Infundiré mi espíritu en vosotros y haré que os conduzcáis según mis preceptos y observéis y practiquéis mis normas. Habitaréis la tierra que yo di a vuestros padres. Vosotros seréis mi pueblo y yo seré vuestro Dios.” (Ez 36, 24-28)
            Es Dios mismo quien tomará la iniciativa de “tomar” y “recoger” a su pueblo de entre las naciones. Este volver al suelo irá acompañado de una purificación que obrará el Señor: “os rociaré con agua purea y quedaréis purificados”. Sin embargo esta purificación no será meramente exterior, en el mismo oráculo leemos: “Y os daré un corazón nuevo, infundiré en vosotros un espíritu nuevo”. Se trata del actuar de Dios, actuar que nunca es superficial sino que toca el núcleo del ser humano, el corazón.
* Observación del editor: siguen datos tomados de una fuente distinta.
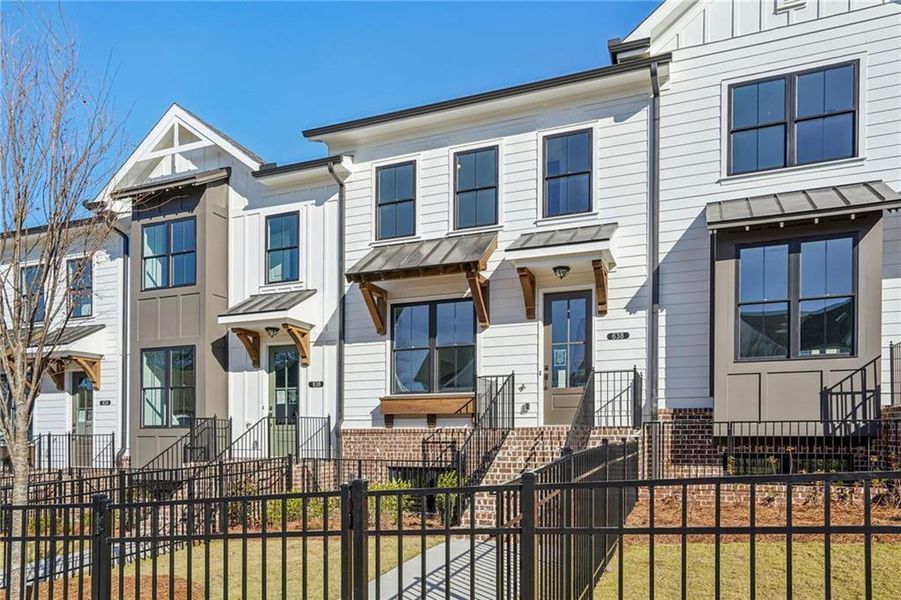 Image 34 of a home in .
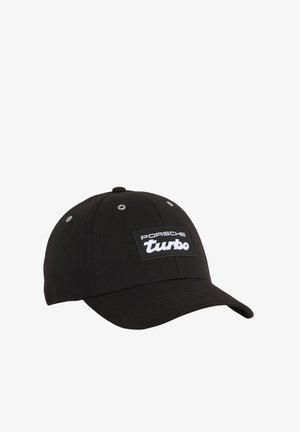 Casquette noire à la silhouette structurée, en tissu texturé, avec des œillets argentés et un patch logo rectangulaire affichant "PORSCHE turbo".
Fruto de este corazón  nuevo será que el pueblo se conducirá según los preceptos de Dios, habitará de nuevo la tierra que se había dado a los padres y se le promete: “Vosotros seréis mi pueblo y yo seré vuestro Dios”. Dios mismo confirma esa “mutua pertenencia”, esa Alianza que Él había sellado con Abraham y a la que seguía fiel a pesar de la infidelidad del pueblo; de hecho, la infidelidad del pueblo da pie a poder ver en qué consiste la Alianza.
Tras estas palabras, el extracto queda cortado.